- _PROBLEM DESCRIPTION_
The listing is to be transcribed in full, with its images left out.

- _EXERCISE DATA_
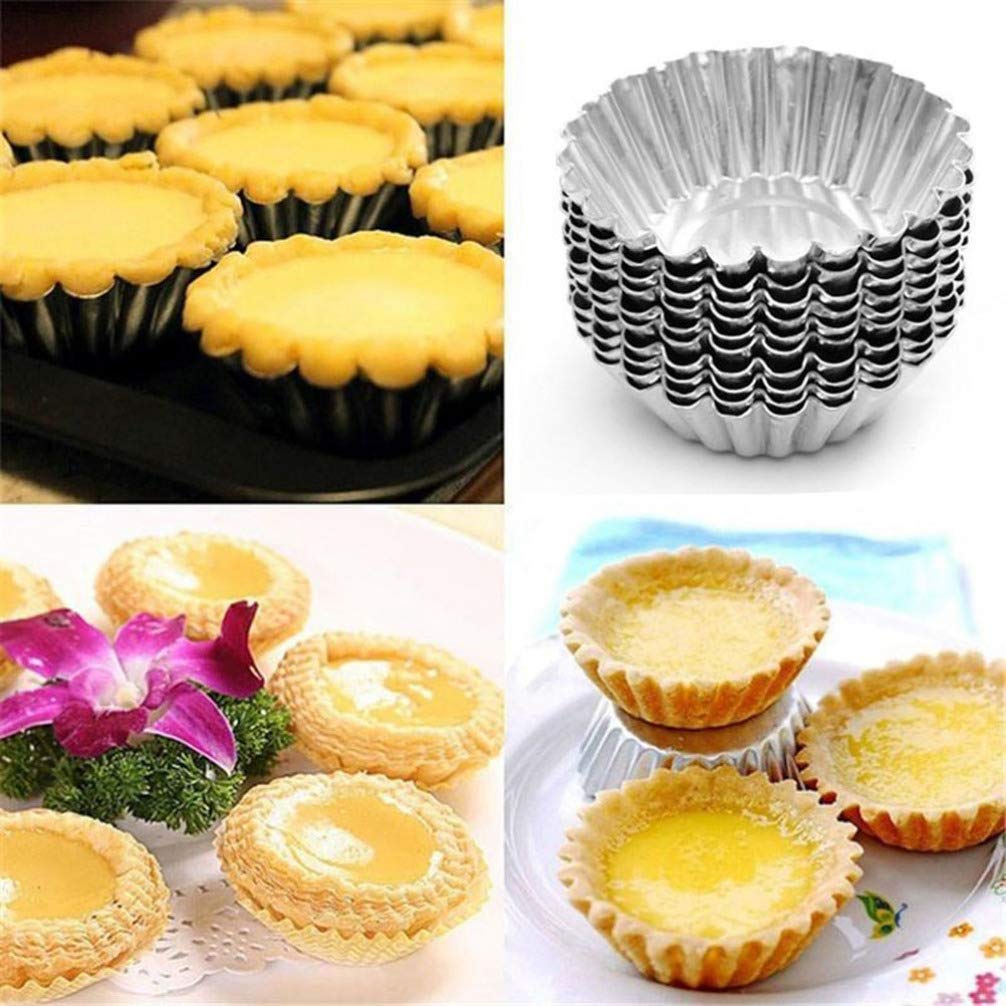 Cabilock 100piezas Moldes De Tartas De De Metal Antiadherente Herramienta Para Hornear Para Magdalenas Pasteles y Postres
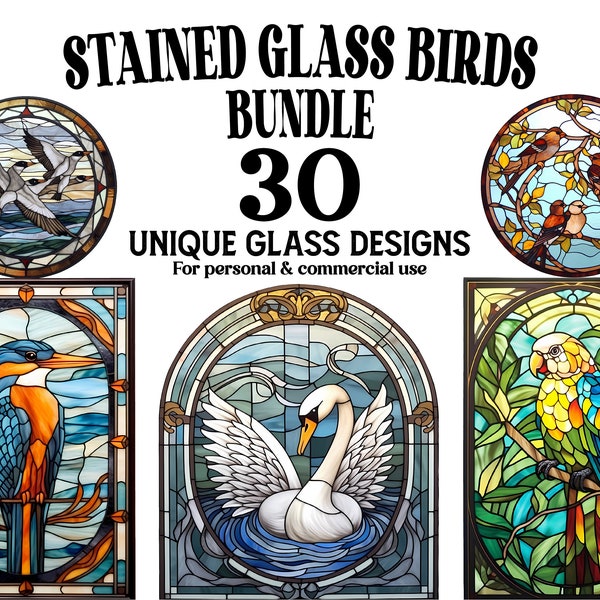 Birds Stained Glass Window Clipart Bundle - 30 Birds Stained Glass Windows PNGs - Perfect for DYI, Decor, Scrapbook or Invitations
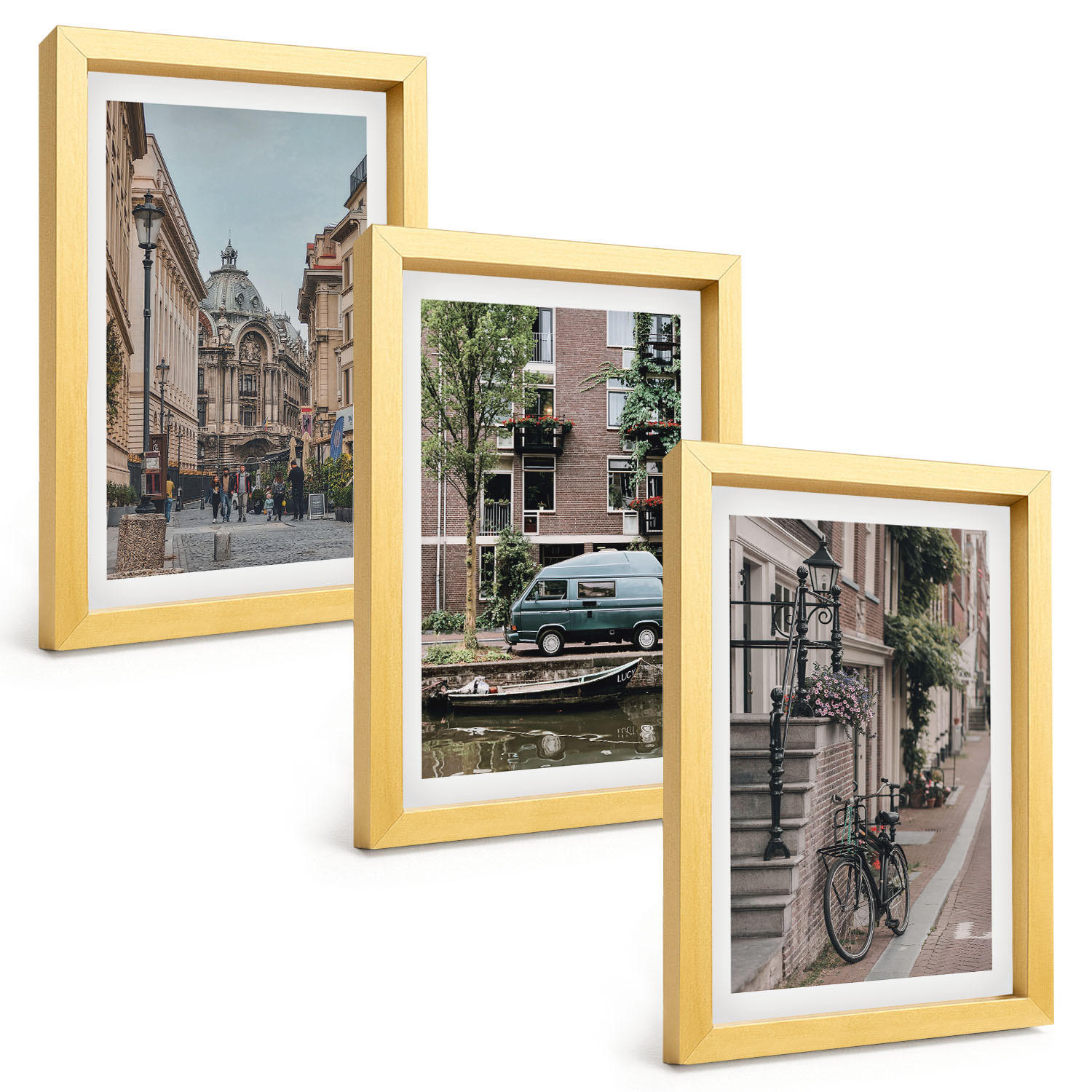 BILDER SET 3er Set - 20x30 cm Goldrahmen - Stadtansichten von Gebäuden - Goldfarben, Kunststoff (20/30cm) - TULUP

- _SOLUTION FOR THIS TASK_
 Cabilock 100piezas Moldes De Tartas De De Metal Antiadherente Herramienta Para Hornear Para Magdalenas Pasteles y Postres
 Birds Stained Glass Window Clipart Bundle - 30 Birds Stained Glass Windows PNGs - Perfect for DYI, Decor, Scrapbook or Invitations
 BILDER SET 3er Set - 20x30 cm Goldrahmen - Stadtansichten von Gebäuden - Goldfarben, Kunststoff (20/30cm) - TULUP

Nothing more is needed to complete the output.